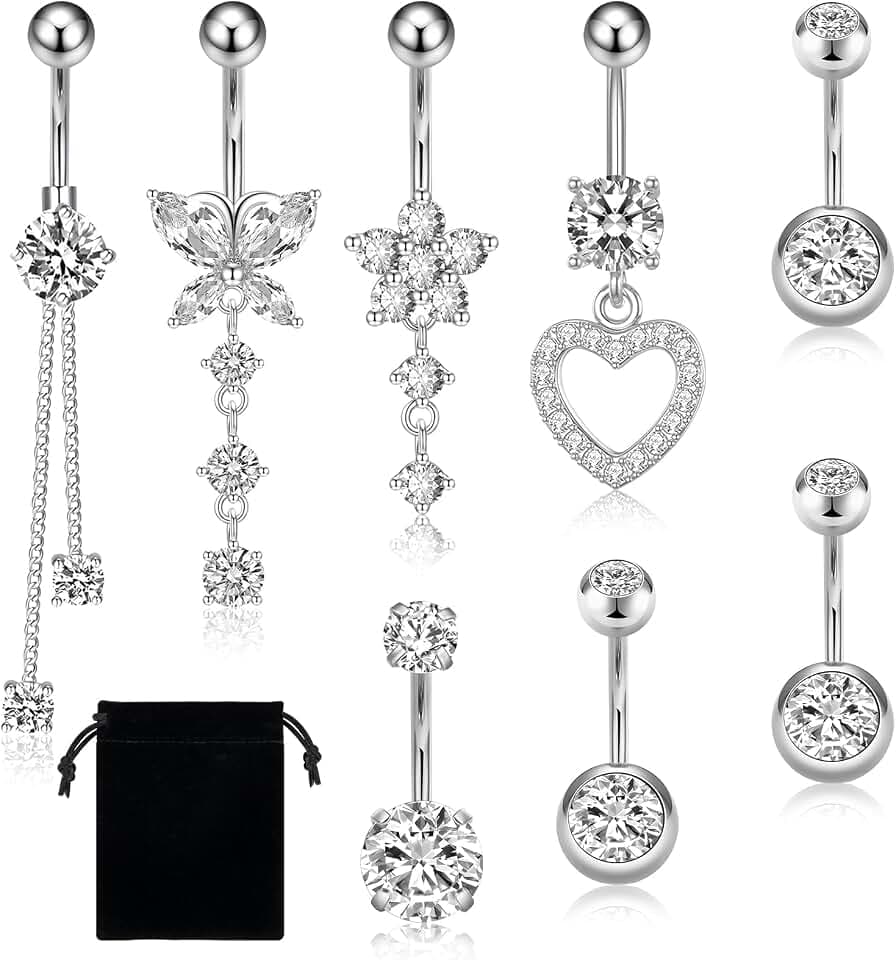 Leikedun Set di 8 piercing per ombelico in acciaio inox 316L con zirconi – Include farfalla, cuore e fiore – ipoallergenico da donna (14 G, 1,6 mm) – ideale per feste e uso quotidiano + sacchetto di velluto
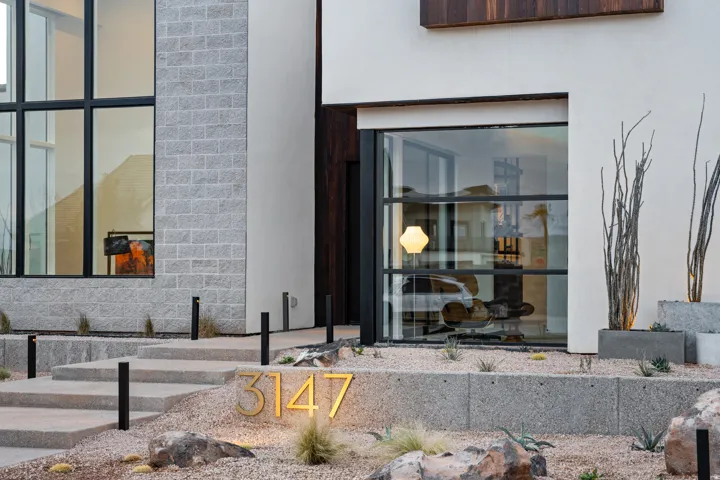 Exterior view of stucco siding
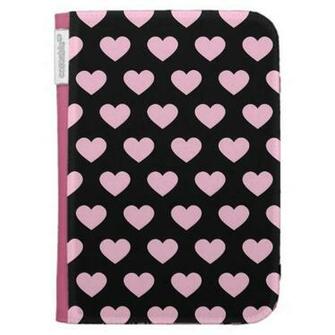 Light Pink Polka Dot Hearts Black Background Kindle 3g Covers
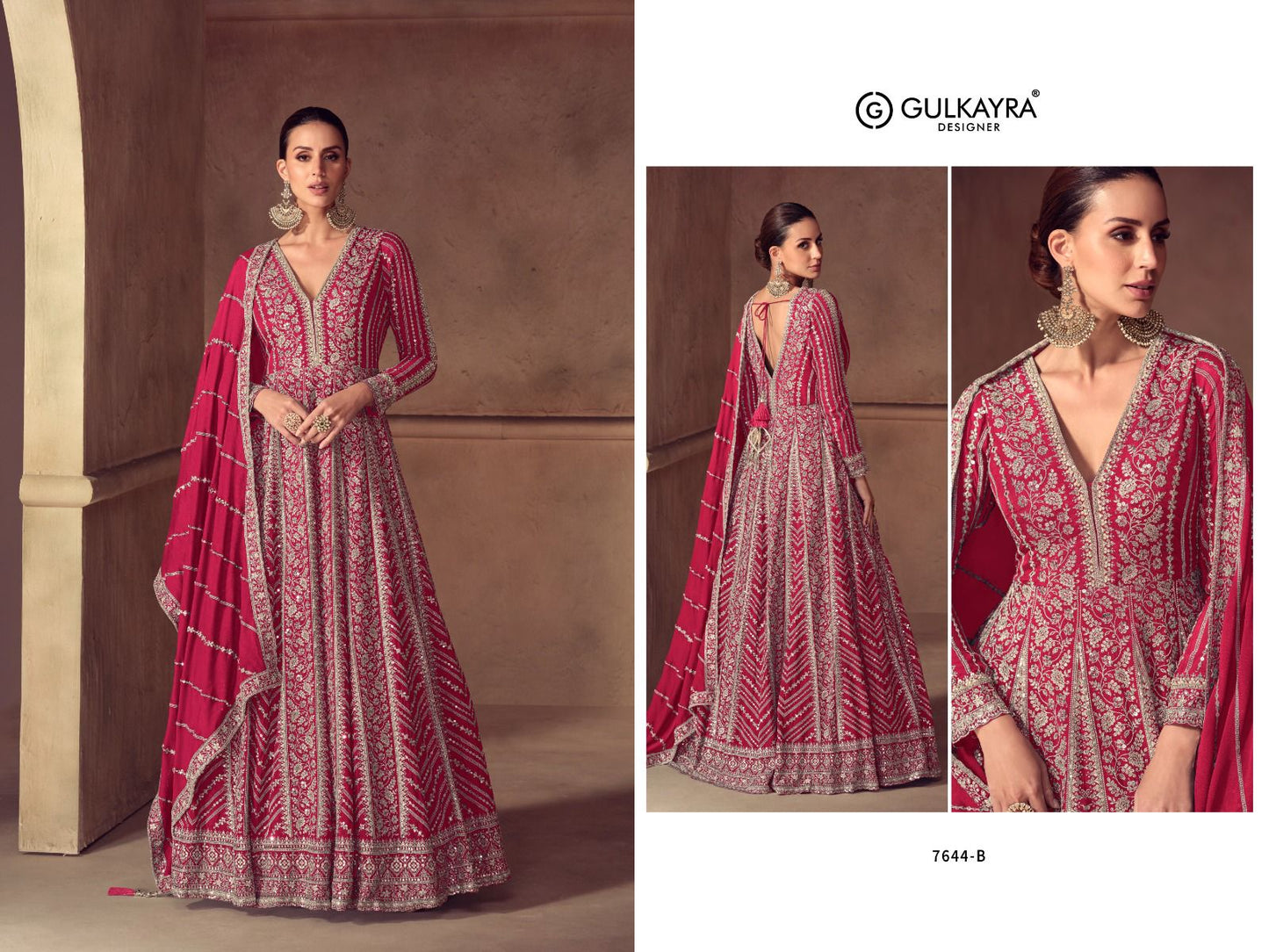 Riay Gulkayra Designer Chinon Gown Dupatta Set Wholesaler Ahmedabad
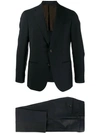 Caruso Pin Tuck Two Piece Suit In Blue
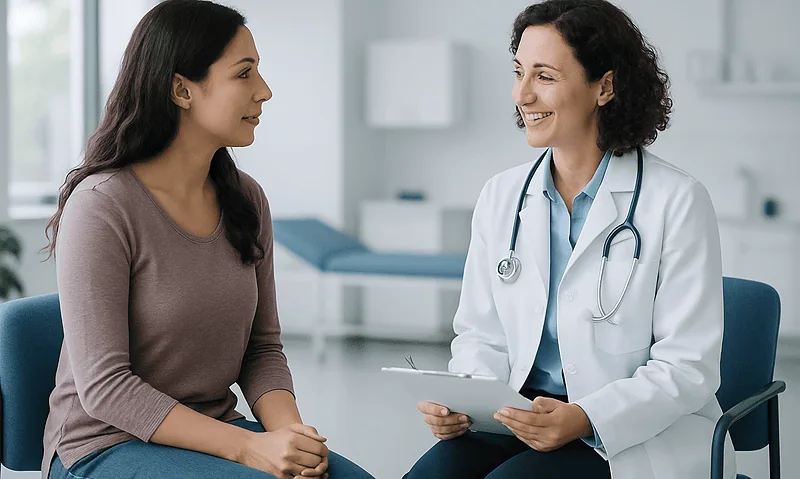 Doctor consulting with a patient in a modern medical office.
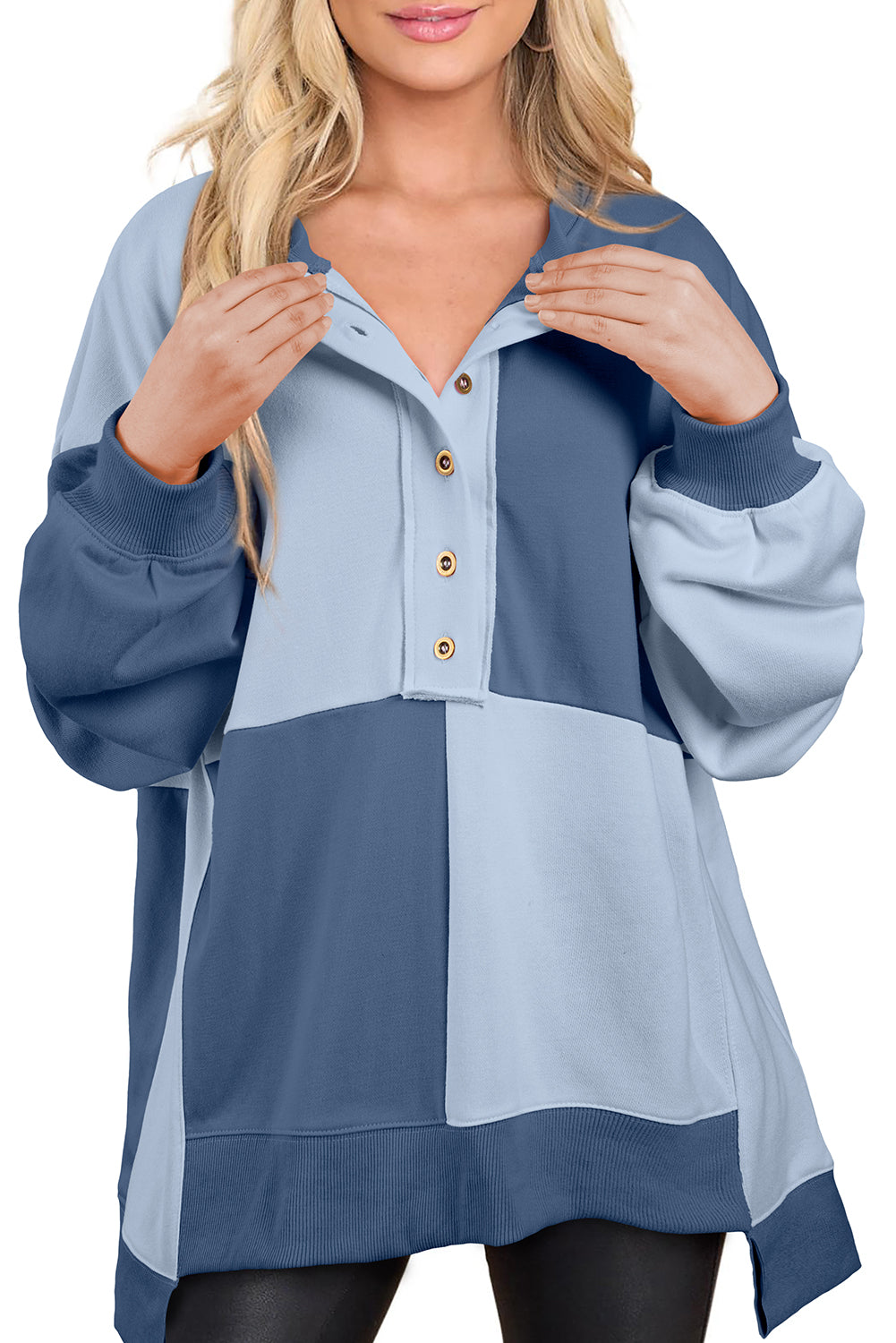 Blue Zone Planet | Contrast Half Button Long Sleeve Sweatshirt-TOPS / DRESSES-[Adult]-[Female]-Peacock Blue-S-2022 Online Blue Zone Planet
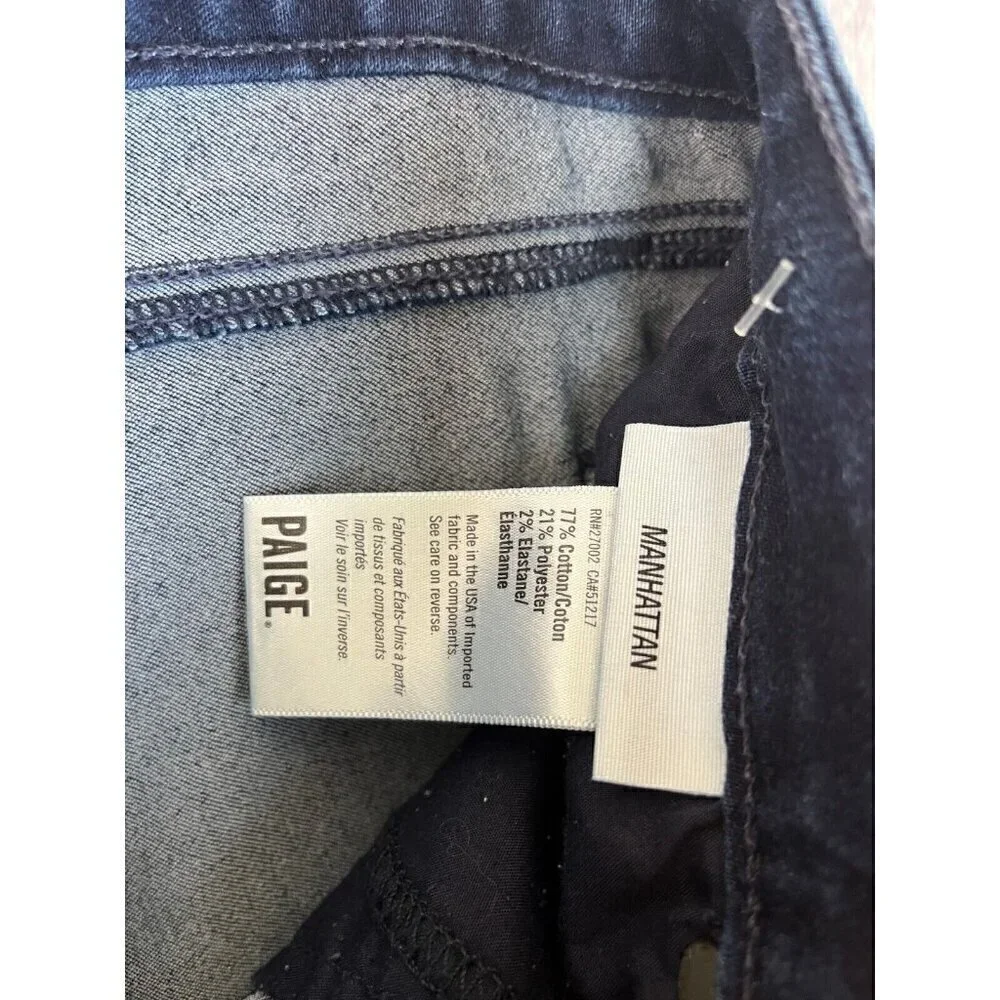 Paige Jeans Womens 29 Manhattan Blue Denim Mid Rise Bootcut Stretch Boho 33‎ L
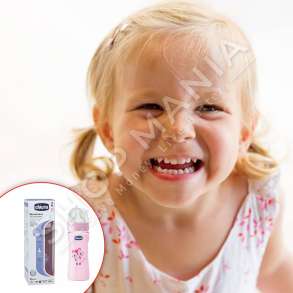 CHICCO - SHISHE ME BIBERON SILIKONI PER VAJZA "WELL-BEING" - 250ML, +2 MUAJ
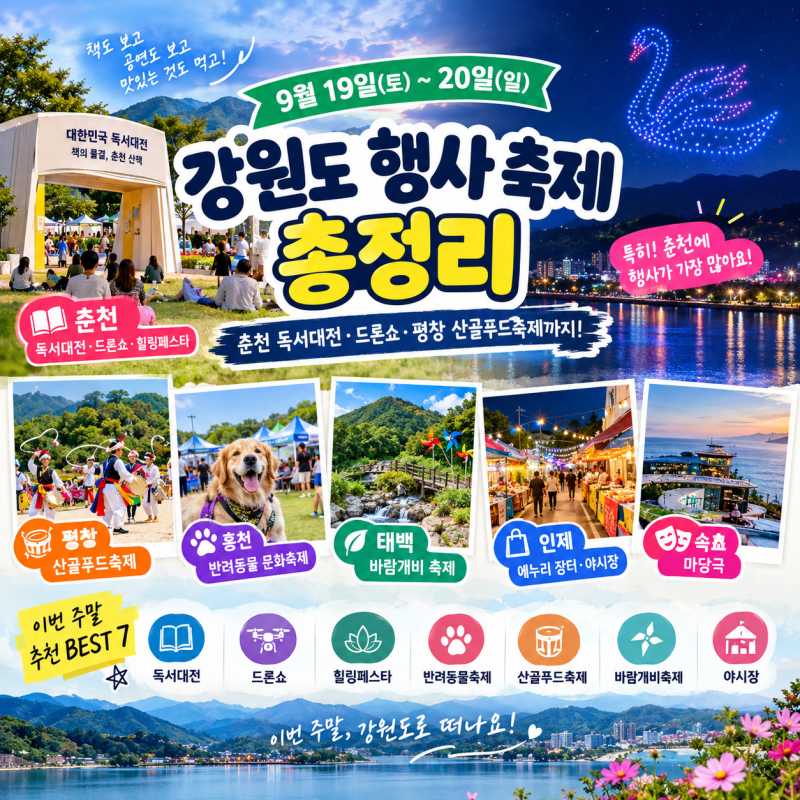 9월 19~20일 강원도 행사 축제 총정리｜춘천 독서대전·드론쇼·평창 산골푸드축제까지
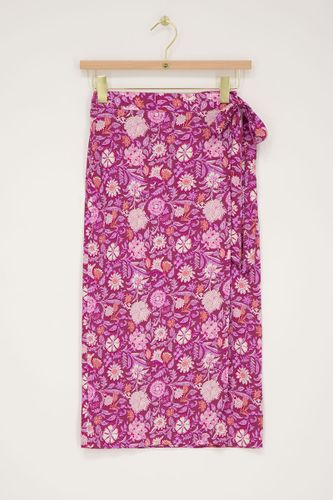 Jupe midi enveloppante violetteà imprimé floral | - My jewellery - Modalova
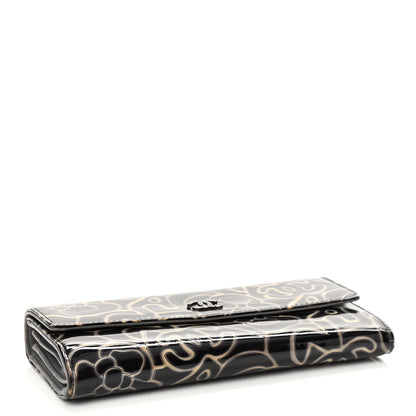 Chanel Patent Camellia Embossed Flap Wallet Dark Blue 4 of 13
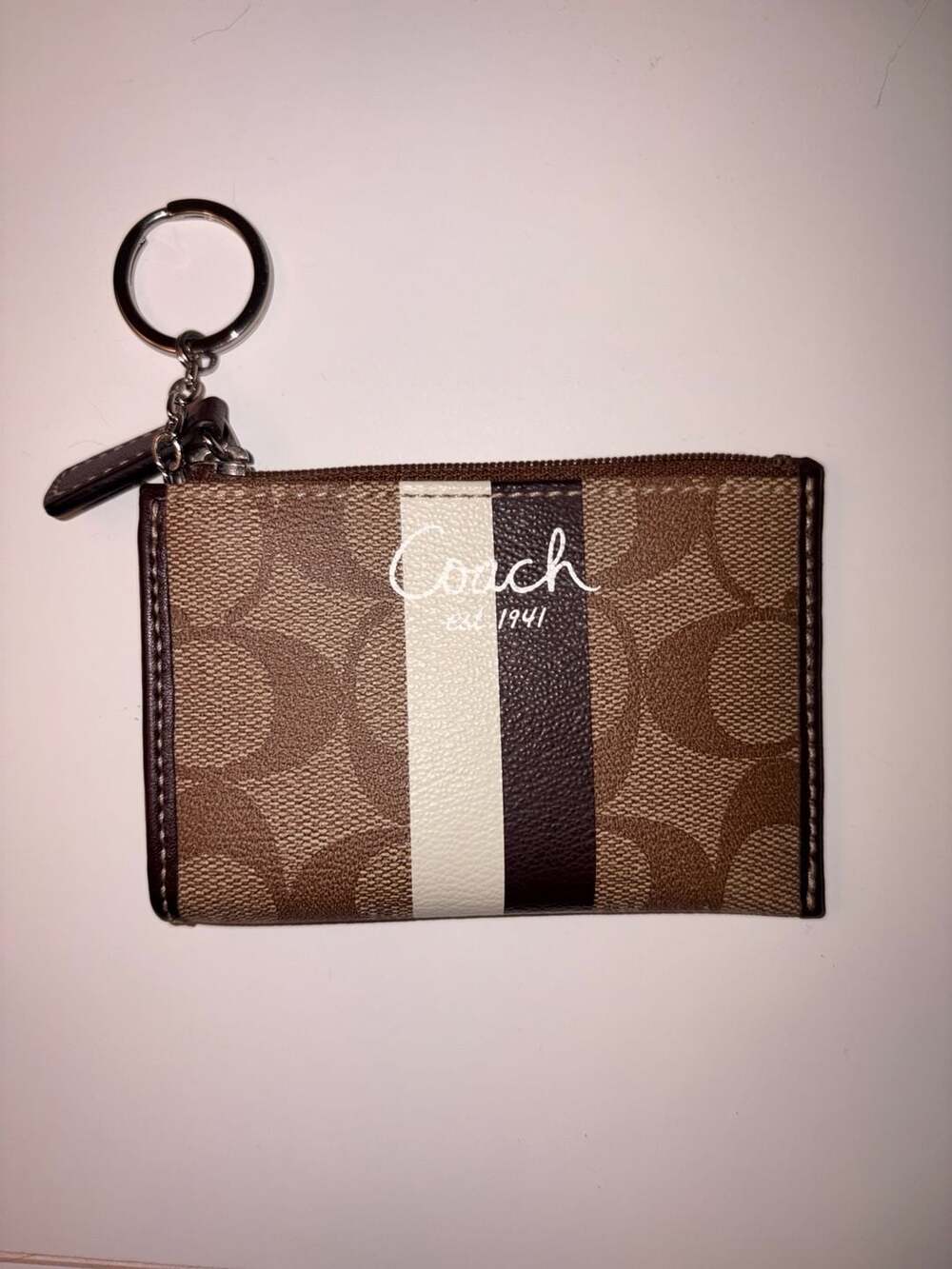 Coach Mini Skinny ID Case in Signature Canvas with Varsity Stripe Brown Khaki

━━━━━━━━━━━━━━━━━━━━

__Task requirements__
Could you transcribe exactly the lines from the line containing "9월 19~20일 강원도" through the final line of the records, both included, and nothing beyond them? The pictures should be left out.

__Result of this exercise__
 9월 19~20일 강원도 행사 축제 총정리｜춘천 독서대전·드론쇼·평창 산골푸드축제까지
 Jupe midi enveloppante violetteà imprimé floral | - My jewellery - Modalova
 Chanel Patent Camellia Embossed Flap Wallet Dark Blue 4 of 13
 Coach Mini Skinny ID Case in Signature Canvas with Varsity Stripe Brown Khaki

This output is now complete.